Here are the key news stories impacting Amazon.com this week:

  • Positive Sentiment: AWS and sales beat/strength — Amazon reported solid Q4 revenue and faster AWS growth, reinforcing the cloud growth thesis. AWS Q4 beat (CNBC)
  • Positive Sentiment: Anthropic stake re‑valuation — Amazon’s earlier $8B investment in Anthropic is now being valued much higher (~$60.6B), underlining upside in AI partnerships and non‑core assets. Anthropic valuation (Business Insider)
  • Positive Sentiment: Near‑term tax relief improves cash flow — Recent U.S. tax changes materially reduced Amazon’s federal tax cash outlays in 2025, which helps fund heavier capex without a proportional hit to free cash flow. Tax law reduces Amazon tax bill (WSJ)
  • Neutral Sentiment: Management stance — CEO Andy Jassy said he’s “confident” the $200B program will deliver attractive returns over time; that defends the strategy but leaves timing/ROIC execution risk. CEO confidence (CNBC)
  • Neutral Sentiment: New ad/AI product moves — Amazon is opening ad platform capabilities to AI agents (Ads MCP server beta), which could expand ad monetization but will take time to scale. Ads MCP beta (Newsfile)
  • Negative Sentiment: CapEx shock and small EPS miss spooked traders — Amazon guided to roughly $200B in 2026 capex (well above expectations) and reported a slight EPS miss; that combination triggered heavy selling and a sharp gap lower in after‑hours/premarket trading. $200B capex guide (Reuters)
  • Negative Sentiment: Regulatory and analyst pushback — Germany’s cartel office banned certain marketplace pricing controls and ordered repayments, adding regulatory risk; several firms also trimmed near‑term targets or flagged margin/cash‑flow risk tied to heavy capex. Germany antitrust (Reuters)

About Amazon.com

(Get Free Report)

Amazon.com, Inc is a diversified technology and retail company best known for its e-commerce marketplace and broad portfolio of consumer and enterprise services. Founded by Jeff Bezos in 1994 and headquartered in Seattle, Washington, the company launched as an online bookseller and expanded into a global retail platform that sells products directly to consumers and provides a marketplace for third-party sellers. Over time Amazon has grown beyond retail into areas including cloud computing, digital media, devices and logistics.

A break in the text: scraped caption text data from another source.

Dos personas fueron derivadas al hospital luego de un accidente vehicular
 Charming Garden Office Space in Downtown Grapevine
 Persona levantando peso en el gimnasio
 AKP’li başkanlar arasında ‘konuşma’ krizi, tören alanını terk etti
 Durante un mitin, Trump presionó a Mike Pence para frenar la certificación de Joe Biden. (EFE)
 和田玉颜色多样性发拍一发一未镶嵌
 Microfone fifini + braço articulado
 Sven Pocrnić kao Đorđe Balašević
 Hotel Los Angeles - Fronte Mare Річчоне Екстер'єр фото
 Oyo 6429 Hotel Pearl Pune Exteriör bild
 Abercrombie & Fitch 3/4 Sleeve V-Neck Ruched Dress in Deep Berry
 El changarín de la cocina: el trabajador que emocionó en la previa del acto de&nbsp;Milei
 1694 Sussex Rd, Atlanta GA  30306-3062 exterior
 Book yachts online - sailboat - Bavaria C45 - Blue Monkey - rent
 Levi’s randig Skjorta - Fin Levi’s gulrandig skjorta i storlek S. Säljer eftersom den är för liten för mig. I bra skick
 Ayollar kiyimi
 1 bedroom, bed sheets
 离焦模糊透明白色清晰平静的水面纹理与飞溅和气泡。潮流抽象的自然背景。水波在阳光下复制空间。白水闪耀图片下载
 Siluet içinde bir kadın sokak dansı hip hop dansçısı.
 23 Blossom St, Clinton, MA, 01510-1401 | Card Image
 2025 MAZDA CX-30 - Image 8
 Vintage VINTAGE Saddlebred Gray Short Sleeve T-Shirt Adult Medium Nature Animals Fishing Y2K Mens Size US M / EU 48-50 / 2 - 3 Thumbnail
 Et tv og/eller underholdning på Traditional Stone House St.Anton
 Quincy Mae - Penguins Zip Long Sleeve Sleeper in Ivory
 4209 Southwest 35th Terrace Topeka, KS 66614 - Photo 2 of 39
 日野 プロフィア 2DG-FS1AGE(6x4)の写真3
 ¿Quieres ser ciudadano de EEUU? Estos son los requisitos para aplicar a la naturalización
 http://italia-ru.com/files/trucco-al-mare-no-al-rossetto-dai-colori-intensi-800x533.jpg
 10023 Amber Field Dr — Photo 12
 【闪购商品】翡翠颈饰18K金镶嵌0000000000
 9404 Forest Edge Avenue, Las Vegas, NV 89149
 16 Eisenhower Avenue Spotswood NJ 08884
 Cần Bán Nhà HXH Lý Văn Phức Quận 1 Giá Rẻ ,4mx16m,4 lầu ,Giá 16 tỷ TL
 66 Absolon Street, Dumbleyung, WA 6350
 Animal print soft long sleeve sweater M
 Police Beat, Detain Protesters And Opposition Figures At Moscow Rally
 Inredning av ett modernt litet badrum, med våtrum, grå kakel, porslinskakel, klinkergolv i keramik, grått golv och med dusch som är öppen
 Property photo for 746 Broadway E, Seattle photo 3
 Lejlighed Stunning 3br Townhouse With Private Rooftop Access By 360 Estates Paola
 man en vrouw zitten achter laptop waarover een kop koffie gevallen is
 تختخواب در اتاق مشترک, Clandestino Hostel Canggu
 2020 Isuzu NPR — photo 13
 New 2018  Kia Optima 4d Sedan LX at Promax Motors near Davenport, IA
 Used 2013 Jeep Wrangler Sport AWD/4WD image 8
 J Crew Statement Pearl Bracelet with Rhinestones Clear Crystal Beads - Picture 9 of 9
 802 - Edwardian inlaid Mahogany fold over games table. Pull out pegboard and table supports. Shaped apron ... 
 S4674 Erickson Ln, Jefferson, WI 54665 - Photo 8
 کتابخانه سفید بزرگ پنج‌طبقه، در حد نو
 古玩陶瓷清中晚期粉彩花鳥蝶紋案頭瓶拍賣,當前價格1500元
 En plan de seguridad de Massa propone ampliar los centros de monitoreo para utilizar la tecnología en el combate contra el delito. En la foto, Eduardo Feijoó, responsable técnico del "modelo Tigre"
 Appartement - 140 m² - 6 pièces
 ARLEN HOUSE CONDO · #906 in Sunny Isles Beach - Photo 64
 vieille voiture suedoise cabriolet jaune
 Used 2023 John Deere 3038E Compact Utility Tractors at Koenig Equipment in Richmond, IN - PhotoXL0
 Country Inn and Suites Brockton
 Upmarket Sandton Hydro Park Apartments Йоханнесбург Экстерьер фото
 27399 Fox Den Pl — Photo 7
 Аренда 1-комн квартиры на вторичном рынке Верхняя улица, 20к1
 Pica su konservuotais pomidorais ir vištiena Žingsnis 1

Key businesses and offerings include Amazon’s online marketplace and fulfillment services, the Amazon Prime membership program (which bundles expedited shipping with streaming and other benefits), Amazon Web Services (AWS) which supplies on-demand cloud computing and storage to businesses and public-sector customers, and a range of content and advertising services such as Prime Video and Amazon Advertising.